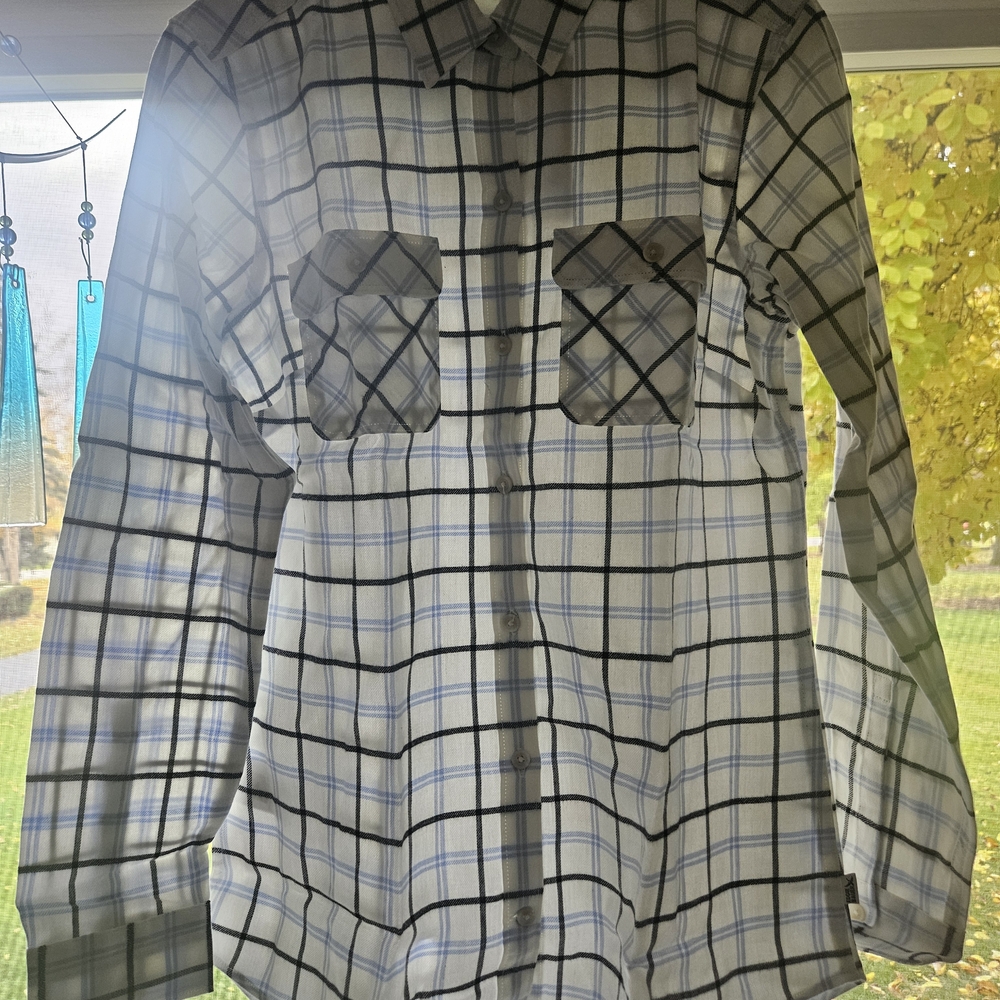 Eddie Bauer Women's Casual White and Blue Checkered Shirt Size S. NWT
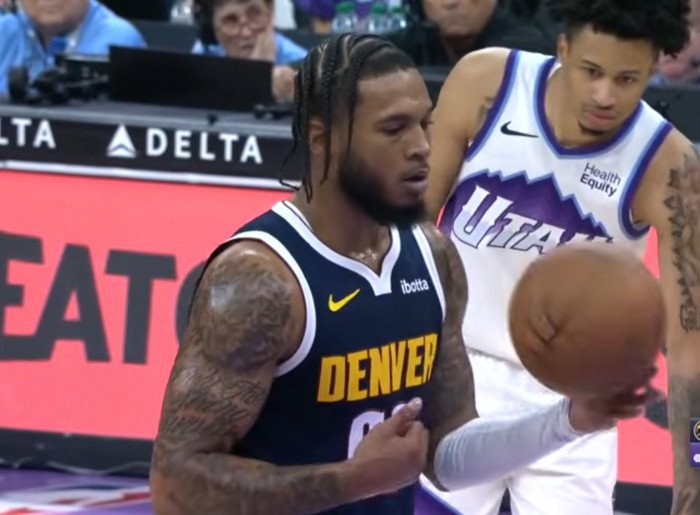 Cam Whitmore dan Trevon Brazile tampil impresif selama pramusim NBA 2026/2027, tetapi persaingan ketat dan kondisi pemain yang cedera akan menentukan peluang mereka masuk rotasi Denver Nuggets.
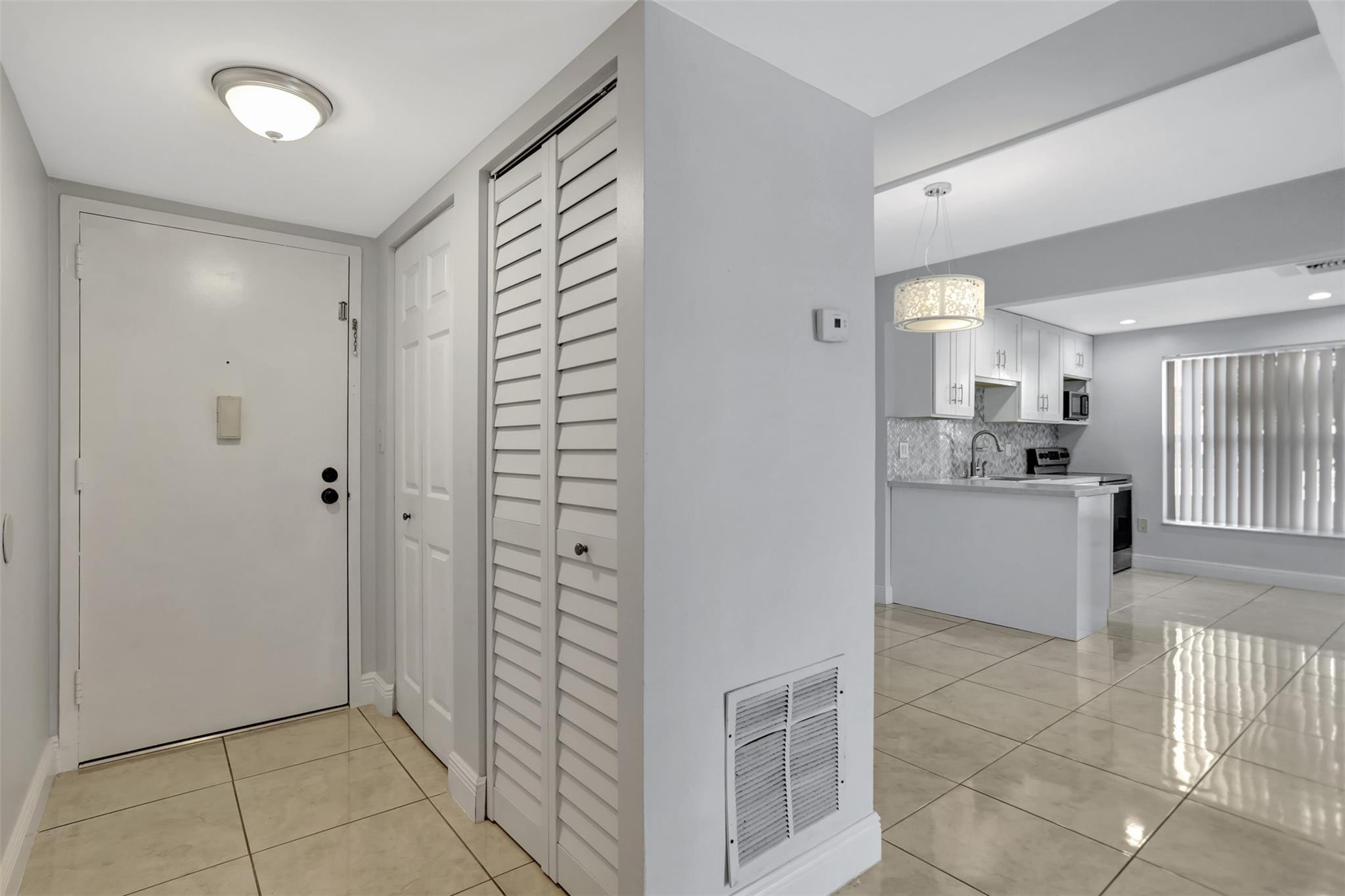 Home in Lauderhill, FL 33319 — photo 3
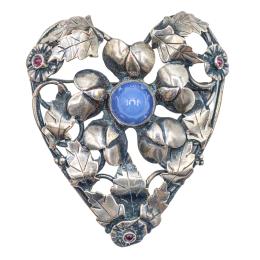 85  -  BROCHE CORAZÓN CON CALCEDONIA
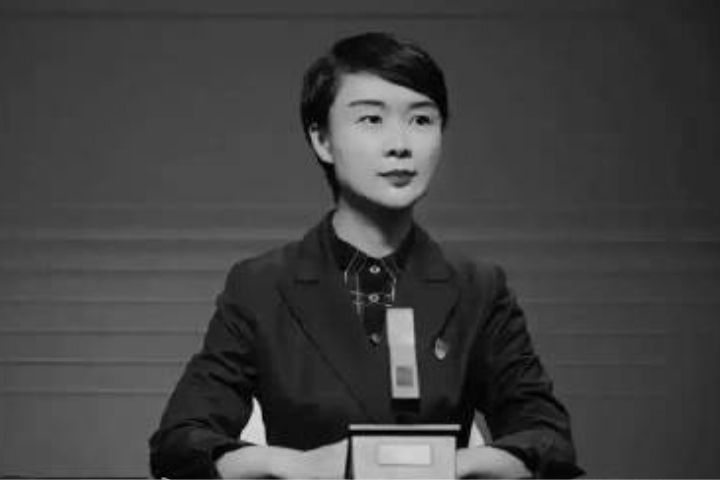 新疆公務員賀嬌龍，日前執行公務拍攝不幸墜馬重傷，經多日搶救仍宣告不治。圖/取自《新疆日報》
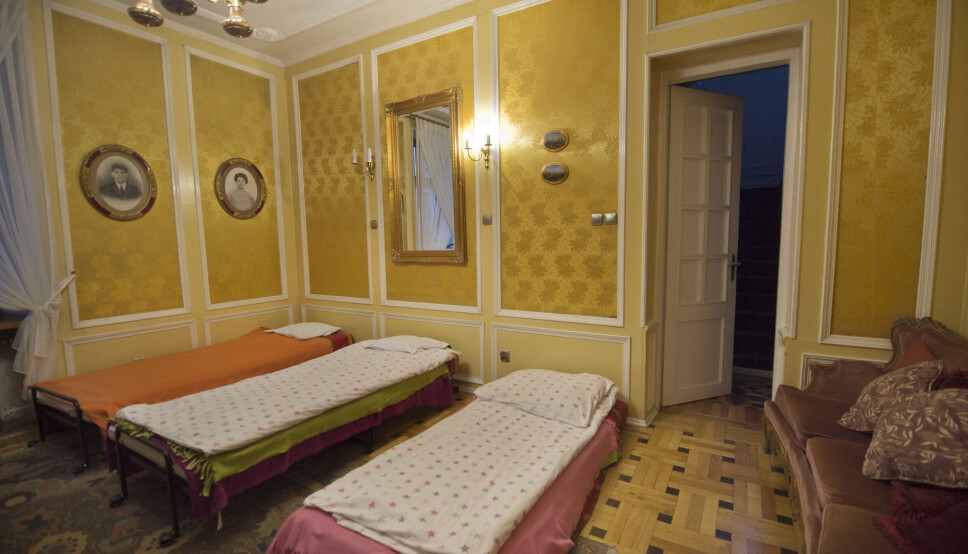 Hotellets stue har blitt omgjort til overnattingssted for flyktninger på vei videre inn i Polen.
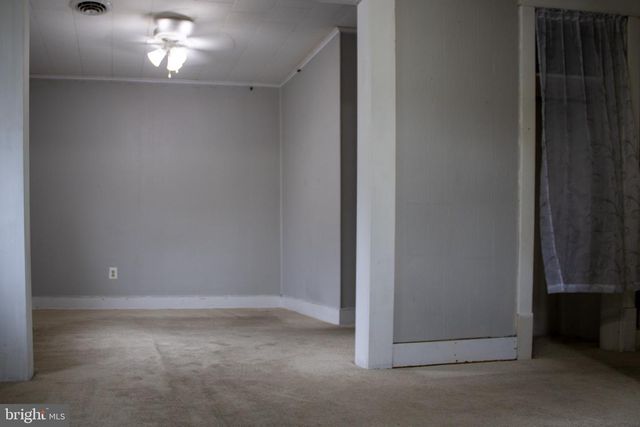 999 W GARDEN RD, Vineland, NJ 08360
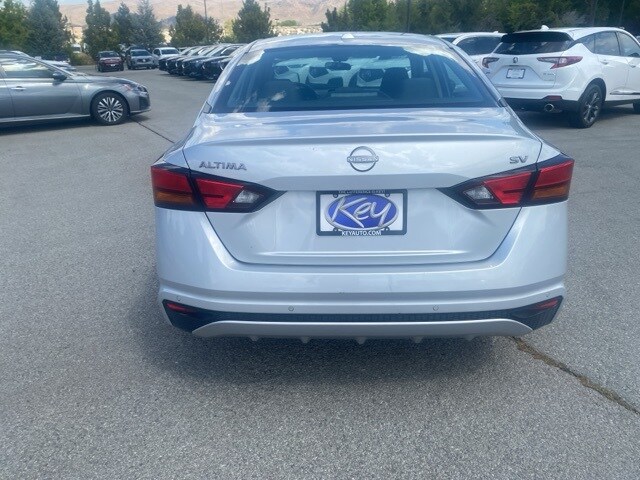 2023 Nissan Altima 2.5 SV photo 4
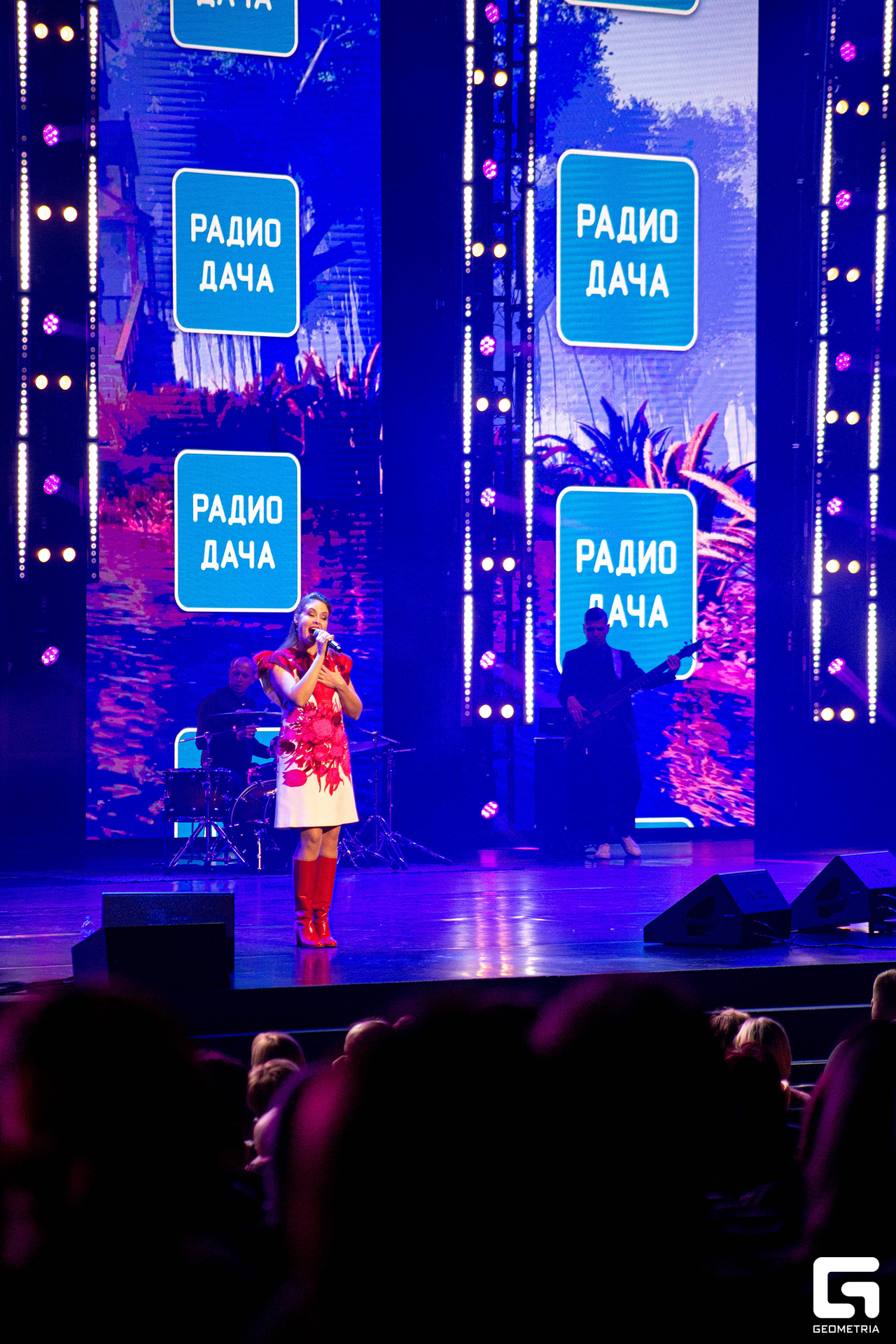 Алёна Петровская (2).jpg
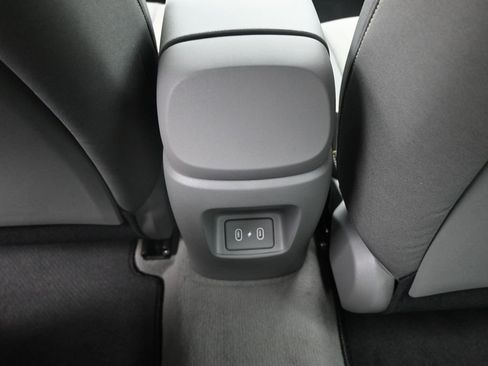 Used 2025 Hyundai Elantra Sport image 24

━━━━━━

What this task involves —
Begin at the first line of the entries and stop after the line holding "Алёна Петровская (2).jpg"; repeat those lines exactly, but not the pictures.

Exercise response —
 Eddie Bauer Women's Casual White and Blue Checkered Shirt Size S. NWT
 Cam Whitmore dan Trevon Brazile tampil impresif selama pramusim NBA 2026/2027, tetapi persaingan ketat dan kondisi pemain yang cedera akan menentukan peluang mereka masuk rotasi Denver Nuggets.
 Home in Lauderhill, FL 33319 — photo 3
 85  -  BROCHE CORAZÓN CON CALCEDONIA
 新疆公務員賀嬌龍，日前執行公務拍攝不幸墜馬重傷，經多日搶救仍宣告不治。圖/取自《新疆日報》
 Hotellets stue har blitt omgjort til overnattingssted for flyktninger på vei videre inn i Polen.
 999 W GARDEN RD, Vineland, NJ 08360
 2023 Nissan Altima 2.5 SV photo 4
 Алёна Петровская (2).jpg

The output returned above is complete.